### [WHAT NEEDS TO BE DONE]
Give again, word for word, the line holding "Customer photo review" and every line after it through the end of the data below. Omit pictures.

### [GIVEN DATA]
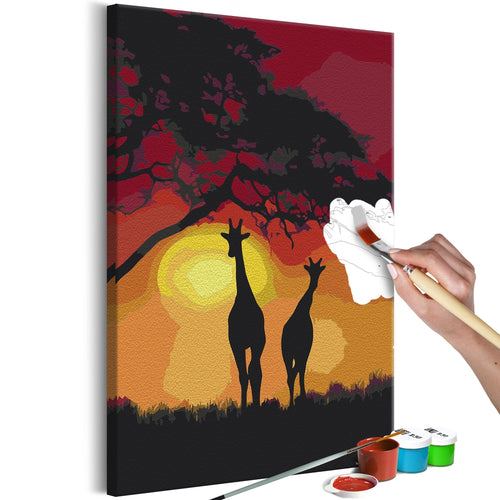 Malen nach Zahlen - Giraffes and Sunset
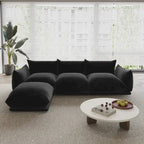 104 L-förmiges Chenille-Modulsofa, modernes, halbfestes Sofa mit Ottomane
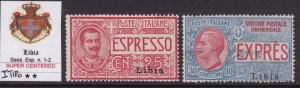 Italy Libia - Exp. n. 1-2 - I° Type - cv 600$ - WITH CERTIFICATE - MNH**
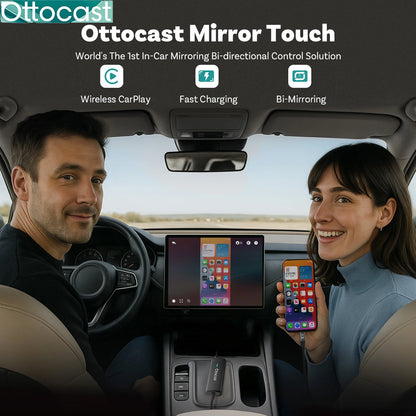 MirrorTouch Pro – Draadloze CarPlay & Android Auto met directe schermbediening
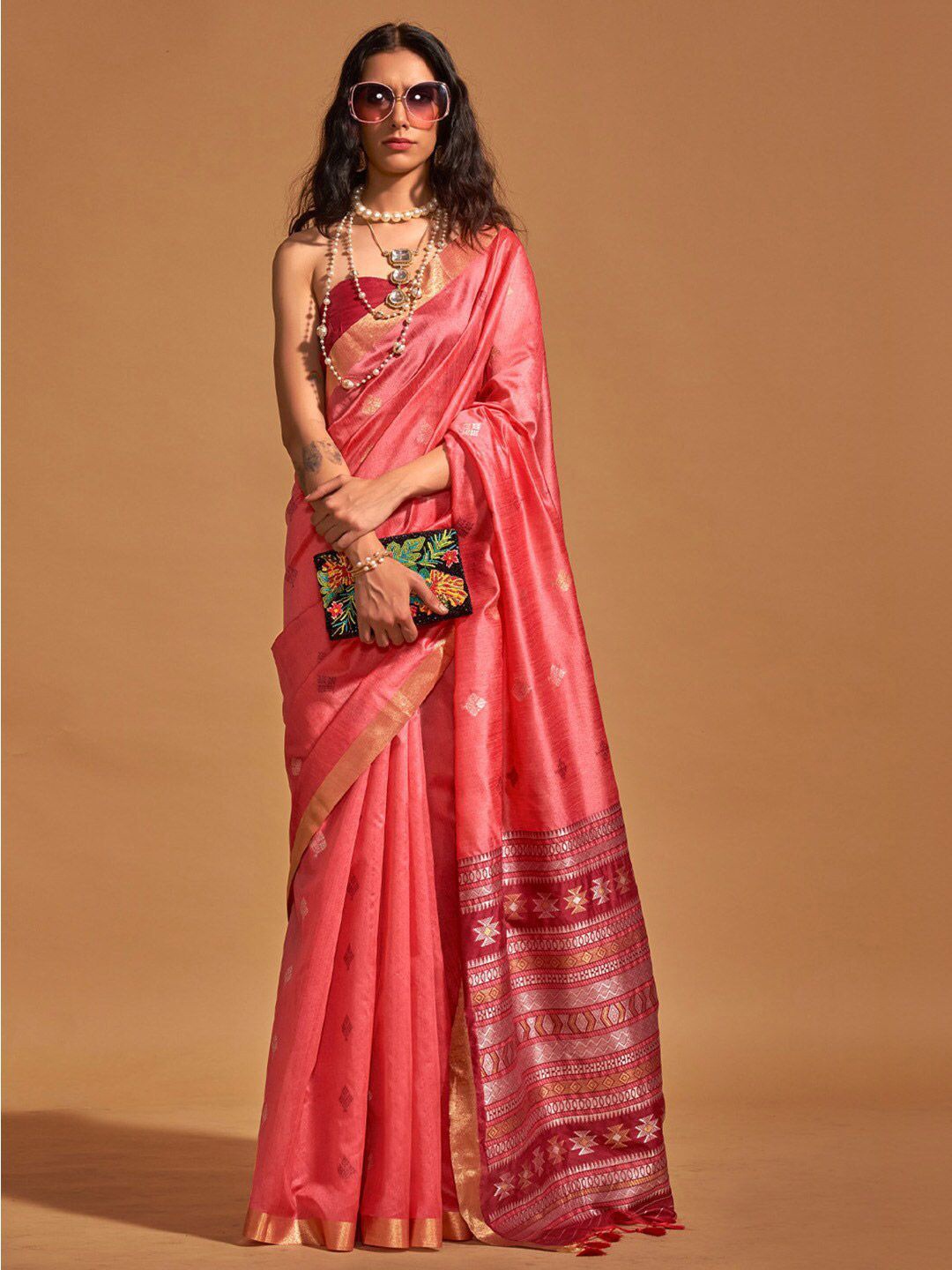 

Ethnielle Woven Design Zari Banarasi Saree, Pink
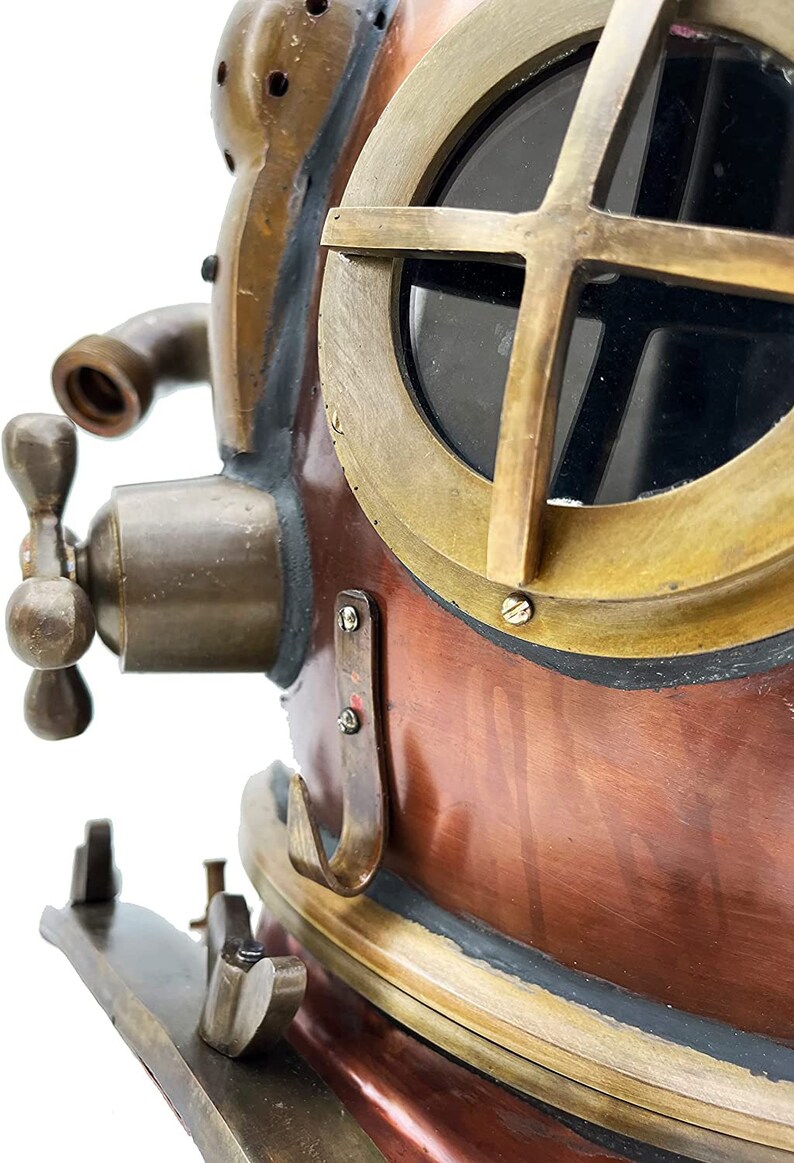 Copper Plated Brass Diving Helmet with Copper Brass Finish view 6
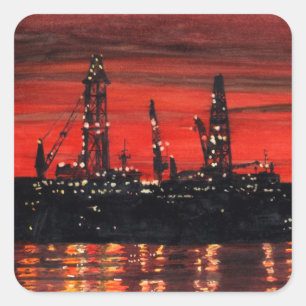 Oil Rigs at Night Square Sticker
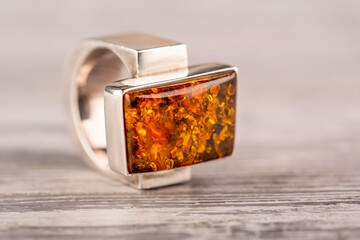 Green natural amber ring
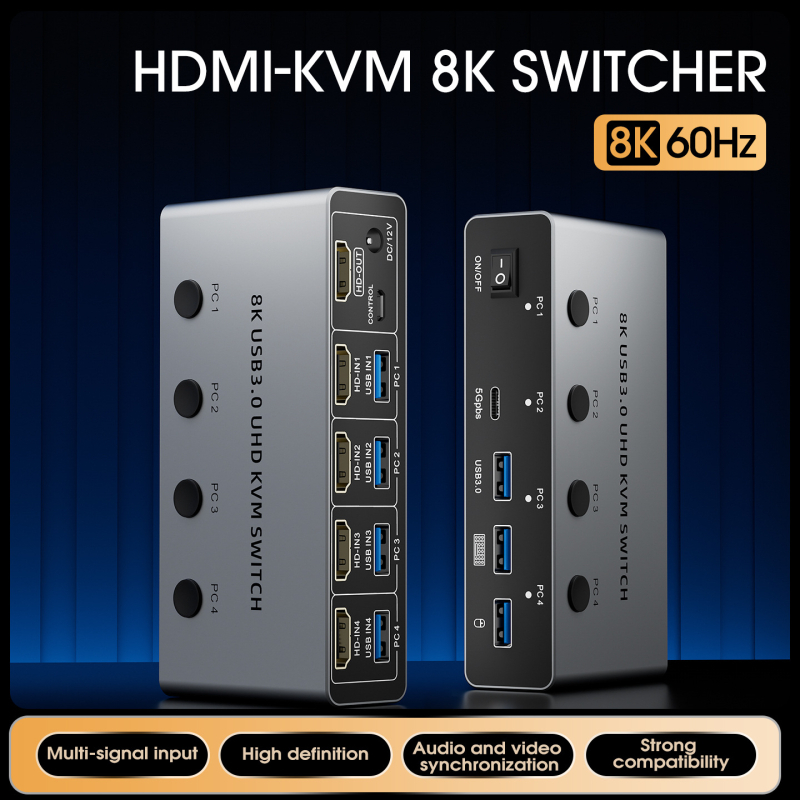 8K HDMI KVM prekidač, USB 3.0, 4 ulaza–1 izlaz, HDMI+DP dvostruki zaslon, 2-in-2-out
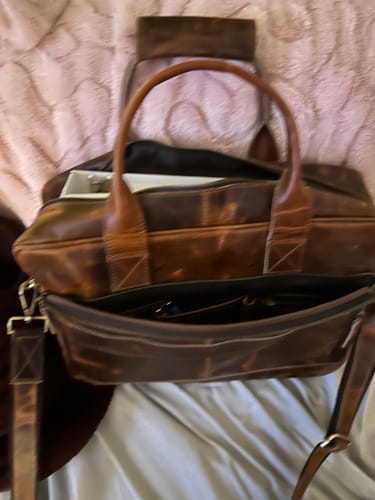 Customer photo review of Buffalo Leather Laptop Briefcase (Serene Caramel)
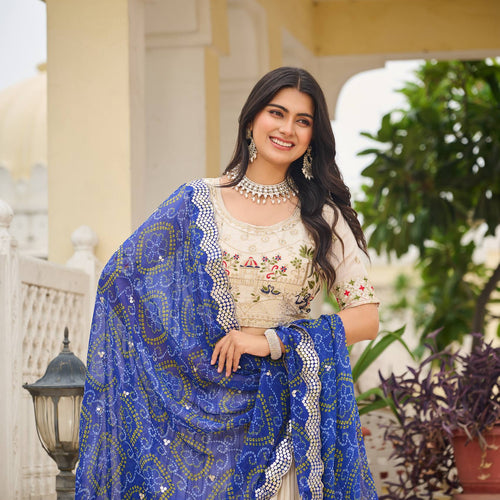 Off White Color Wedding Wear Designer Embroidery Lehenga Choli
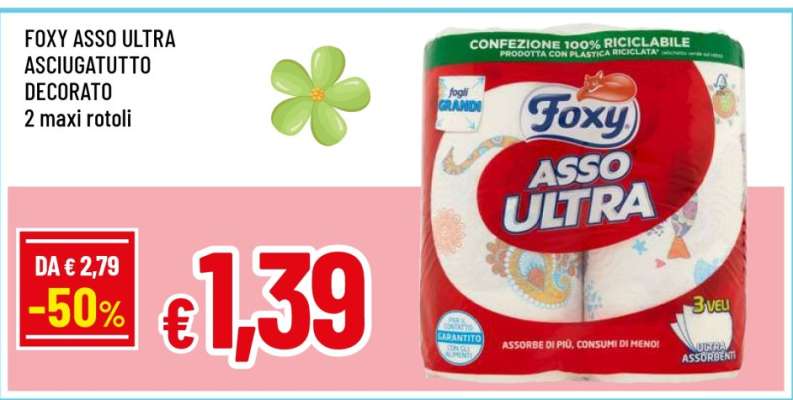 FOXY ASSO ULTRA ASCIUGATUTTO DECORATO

### [RESULT OF THIS TASK]
 Customer photo review of Buffalo Leather Laptop Briefcase (Serene Caramel)
 Off White Color Wedding Wear Designer Embroidery Lehenga Choli
 FOXY ASSO ULTRA ASCIUGATUTTO DECORATO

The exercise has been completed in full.